Let op! Een bv is altijd een instelling, ook als het werk door één zorgverlener wordt uitgevoerd.Binnen de ggz bestaat ook een andere definitie van instelling. Daar wordt onderscheid gemaakt tussen een instelling en een vrijgevestigde praktijk. De vrijgevestigde praktijk bestaat niet in de Wtza. Zodra een organisatie met tenminste twee zorgverleners zorg (laat) verlenen, dan zijn ze een instelling. - Zorgaanbieder (in de wetteksten vaak ‘instelling’ genoemd): in de Wkkgz wordt onderscheid gemaakt tussen een zorgaanbieder en een solistisch werkende zorgverlener. Een zorgaanbieder is een rechtspersoon die bedrijfsmatig zorg (laat) verlenen, een organisatorisch verband van natuurlijke personen die bedrijfsmatig zorg (laat) verlenen of een natuurlijk persoon die bedrijfsmatig zorg laat verlenen. In artikel 1, zesde lid, Wkkgz is een uitzondering gemaakt voor een zorgaanbieder die binnen het kader van de binnen een andere zorgaanbieder verleende zorg een deel van die zorg verleent.

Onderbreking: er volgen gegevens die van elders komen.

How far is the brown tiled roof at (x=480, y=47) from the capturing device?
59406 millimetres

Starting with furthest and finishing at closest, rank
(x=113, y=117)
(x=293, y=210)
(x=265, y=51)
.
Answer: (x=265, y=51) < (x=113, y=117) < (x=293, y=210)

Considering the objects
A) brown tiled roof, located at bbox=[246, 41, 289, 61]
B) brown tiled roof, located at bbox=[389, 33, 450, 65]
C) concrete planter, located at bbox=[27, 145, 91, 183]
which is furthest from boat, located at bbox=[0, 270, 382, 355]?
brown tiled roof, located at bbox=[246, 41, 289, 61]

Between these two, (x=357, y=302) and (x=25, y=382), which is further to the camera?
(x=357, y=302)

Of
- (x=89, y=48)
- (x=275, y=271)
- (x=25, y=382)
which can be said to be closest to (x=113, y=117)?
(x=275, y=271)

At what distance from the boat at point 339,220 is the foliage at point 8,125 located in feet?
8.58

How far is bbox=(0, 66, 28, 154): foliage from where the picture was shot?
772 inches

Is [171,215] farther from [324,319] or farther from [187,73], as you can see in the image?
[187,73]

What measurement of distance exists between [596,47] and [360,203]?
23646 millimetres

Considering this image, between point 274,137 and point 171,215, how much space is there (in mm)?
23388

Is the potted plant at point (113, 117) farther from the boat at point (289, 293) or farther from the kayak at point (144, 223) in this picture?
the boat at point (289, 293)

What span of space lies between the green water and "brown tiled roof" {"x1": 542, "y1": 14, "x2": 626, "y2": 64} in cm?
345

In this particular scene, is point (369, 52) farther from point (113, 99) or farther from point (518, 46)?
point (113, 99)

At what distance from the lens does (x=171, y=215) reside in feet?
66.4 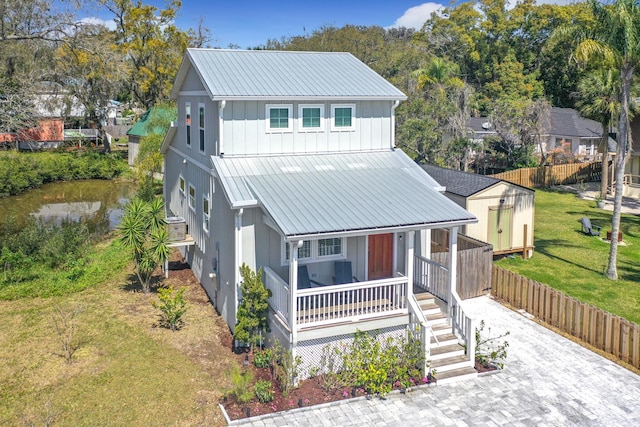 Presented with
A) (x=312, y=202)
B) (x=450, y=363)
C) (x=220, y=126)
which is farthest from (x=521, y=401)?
(x=220, y=126)

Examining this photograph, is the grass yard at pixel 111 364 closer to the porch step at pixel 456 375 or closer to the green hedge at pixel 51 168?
the porch step at pixel 456 375

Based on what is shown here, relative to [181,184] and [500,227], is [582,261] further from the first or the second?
[181,184]

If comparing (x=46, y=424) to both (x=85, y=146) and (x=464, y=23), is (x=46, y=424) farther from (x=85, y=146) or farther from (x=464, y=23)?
(x=464, y=23)

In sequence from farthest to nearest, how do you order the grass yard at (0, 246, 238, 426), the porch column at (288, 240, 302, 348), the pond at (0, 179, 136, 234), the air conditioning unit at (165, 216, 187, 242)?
1. the pond at (0, 179, 136, 234)
2. the air conditioning unit at (165, 216, 187, 242)
3. the porch column at (288, 240, 302, 348)
4. the grass yard at (0, 246, 238, 426)

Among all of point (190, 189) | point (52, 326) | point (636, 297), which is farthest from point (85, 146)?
point (636, 297)

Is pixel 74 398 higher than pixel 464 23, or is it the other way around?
pixel 464 23

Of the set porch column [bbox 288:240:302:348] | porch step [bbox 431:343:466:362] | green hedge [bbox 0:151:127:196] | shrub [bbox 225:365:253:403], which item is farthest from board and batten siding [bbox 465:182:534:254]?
green hedge [bbox 0:151:127:196]

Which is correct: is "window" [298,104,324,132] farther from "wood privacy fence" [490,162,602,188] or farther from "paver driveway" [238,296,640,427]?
"wood privacy fence" [490,162,602,188]

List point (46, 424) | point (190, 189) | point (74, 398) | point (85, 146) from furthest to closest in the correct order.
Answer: point (85, 146) < point (190, 189) < point (74, 398) < point (46, 424)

De Wtza sluit aan op het begrip instelling in de Wkkgz. Let op! Voor de meldplicht geldt de hiervoor omschreven uitzondering niet.
- Jeugdhulp-pgb: persoonsgebonden budget (zoals beschreven in artikel 8.1.1 van de Jeugdwet)

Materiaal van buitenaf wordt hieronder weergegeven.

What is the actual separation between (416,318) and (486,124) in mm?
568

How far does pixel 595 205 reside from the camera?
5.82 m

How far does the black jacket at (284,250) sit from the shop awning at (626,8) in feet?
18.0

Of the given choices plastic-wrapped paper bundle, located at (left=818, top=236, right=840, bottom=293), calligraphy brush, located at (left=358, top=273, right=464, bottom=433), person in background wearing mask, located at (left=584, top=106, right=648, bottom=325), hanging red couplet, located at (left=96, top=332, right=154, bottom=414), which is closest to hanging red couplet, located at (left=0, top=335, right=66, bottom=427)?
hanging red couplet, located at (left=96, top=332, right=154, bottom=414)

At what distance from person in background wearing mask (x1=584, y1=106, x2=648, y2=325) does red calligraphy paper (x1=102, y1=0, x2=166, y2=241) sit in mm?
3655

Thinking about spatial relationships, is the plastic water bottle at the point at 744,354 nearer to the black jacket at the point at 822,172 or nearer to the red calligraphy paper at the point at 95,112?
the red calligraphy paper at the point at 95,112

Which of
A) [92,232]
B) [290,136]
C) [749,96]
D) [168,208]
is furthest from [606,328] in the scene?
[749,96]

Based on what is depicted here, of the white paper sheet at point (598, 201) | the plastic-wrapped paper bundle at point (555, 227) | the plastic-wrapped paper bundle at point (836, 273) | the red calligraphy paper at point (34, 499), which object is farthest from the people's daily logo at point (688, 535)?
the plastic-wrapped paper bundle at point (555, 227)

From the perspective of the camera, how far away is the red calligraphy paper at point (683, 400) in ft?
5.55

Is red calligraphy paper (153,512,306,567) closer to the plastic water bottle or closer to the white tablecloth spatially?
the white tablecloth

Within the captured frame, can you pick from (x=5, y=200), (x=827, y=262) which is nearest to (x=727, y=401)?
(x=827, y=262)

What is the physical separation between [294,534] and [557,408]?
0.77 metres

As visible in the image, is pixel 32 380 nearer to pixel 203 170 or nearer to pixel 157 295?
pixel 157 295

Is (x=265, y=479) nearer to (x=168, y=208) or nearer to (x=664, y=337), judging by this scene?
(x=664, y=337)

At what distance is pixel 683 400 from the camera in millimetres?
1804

- Lege huls: een ‘lege huls’ is een zorgaanbieder die zelf geen zorg verleent en uitsluitend zorg laat verlenen door een onderaannemer.

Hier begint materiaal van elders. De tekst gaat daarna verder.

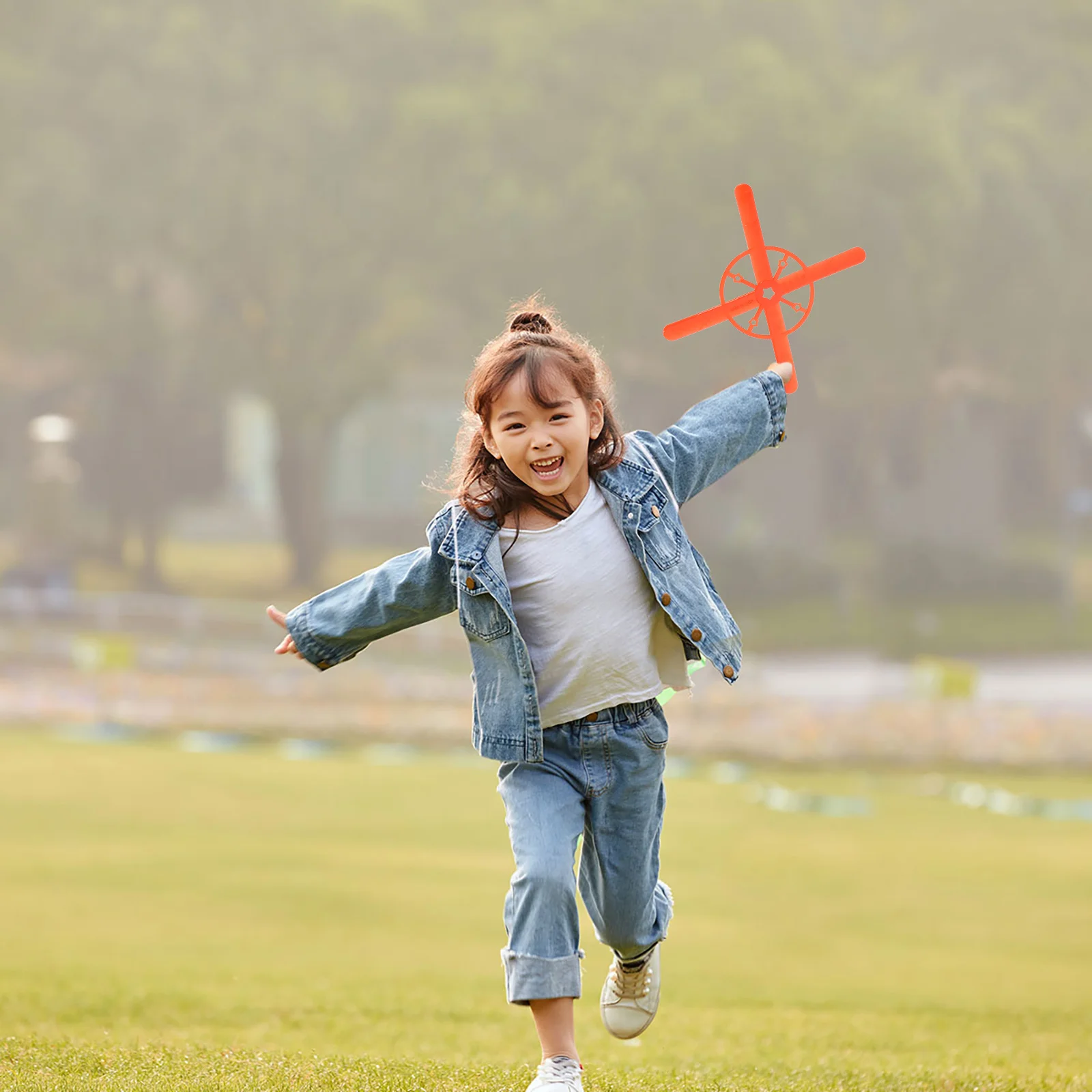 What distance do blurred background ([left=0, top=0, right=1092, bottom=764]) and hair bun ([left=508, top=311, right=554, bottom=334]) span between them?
10.3 m

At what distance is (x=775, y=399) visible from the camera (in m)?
2.82

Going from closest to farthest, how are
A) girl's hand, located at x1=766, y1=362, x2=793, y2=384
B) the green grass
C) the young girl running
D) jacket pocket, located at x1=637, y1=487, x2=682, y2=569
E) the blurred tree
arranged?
the young girl running < jacket pocket, located at x1=637, y1=487, x2=682, y2=569 < girl's hand, located at x1=766, y1=362, x2=793, y2=384 < the green grass < the blurred tree

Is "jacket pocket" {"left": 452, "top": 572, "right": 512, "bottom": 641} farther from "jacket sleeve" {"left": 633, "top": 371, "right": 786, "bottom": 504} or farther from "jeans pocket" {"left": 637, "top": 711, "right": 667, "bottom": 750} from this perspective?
"jacket sleeve" {"left": 633, "top": 371, "right": 786, "bottom": 504}

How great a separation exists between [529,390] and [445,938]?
10.3ft

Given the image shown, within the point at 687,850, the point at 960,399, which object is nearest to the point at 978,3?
the point at 960,399

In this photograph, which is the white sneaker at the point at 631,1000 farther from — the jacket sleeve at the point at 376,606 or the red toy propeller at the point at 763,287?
the red toy propeller at the point at 763,287

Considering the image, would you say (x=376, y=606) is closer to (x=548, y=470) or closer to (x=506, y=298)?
(x=548, y=470)

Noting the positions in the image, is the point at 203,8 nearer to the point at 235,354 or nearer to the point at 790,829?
the point at 235,354

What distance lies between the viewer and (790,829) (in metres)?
7.71

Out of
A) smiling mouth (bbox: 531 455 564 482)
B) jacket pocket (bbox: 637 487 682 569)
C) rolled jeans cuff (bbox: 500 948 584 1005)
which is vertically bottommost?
rolled jeans cuff (bbox: 500 948 584 1005)

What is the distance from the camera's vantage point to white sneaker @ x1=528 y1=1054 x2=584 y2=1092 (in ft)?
7.65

- Medisch specialistische zorg: het gaat om de volgende vormen van zorg die een arts (als beschreven in artikel 14 van de Wet op de beroepen in de individuele gezondheidszorg), verleent:
- anesthesiologie
- cardiologie
- cardio-thoracale chirurgie
- dermatologie en venerologie
- heelkunde
- interne geneeskunde
- kaakchirurgie
- keel-neus-oorheelkunde
- kindergeneeskunde
- klinische genetica
- klinisch geriatrie
- longziekten en tuberculose
- maag-darm-leverziekten
- medische microbiologie
- neurochirurgie
- neurologie
- nucleaire geneeskunde
- obstetrie en gynaecologie
- oogheelkunde
- orthopedie
- pathologie
- plastische chirurgie
- psychiatrie
- radiologie
- radiotherapie
- reumatologie
- revalidatiegeneeskunde
- sportgeneeskunde
- urologie
Let op! Ook indien de hiervoor genoemde vormen van zorg worden verleend door een medisch specialist in het kader van de huisartsenzorg en zonder dat de huisarts hierbij tot verwijzing over gaat, is er geen sprake van medisch specialistische zorg. Hierbij kan worden gedacht aan medisch specialisten die direct digitaal meekijken met de huisarts of medisch specialisten die fysiek ‘spreekuur’ voeren in de huisartsenpraktijk zelf.Let op! Zorg die wordt verleend door een huisarts (bijvoorbeeld door het doen van een kleine chirurgische ingreep), een specialist ouderengeneeskunde, arts verstandelijk gehandicapten of verpleegkundig specialist, valt niet onder de definitie van medisch specialistische zorg.
- Onderaannemer:
- Een zorgaanbieder die in opdracht van een andere zorgaanbieder (een deel van) de zorg verleent waar zij verantwoordelijk voor zijn.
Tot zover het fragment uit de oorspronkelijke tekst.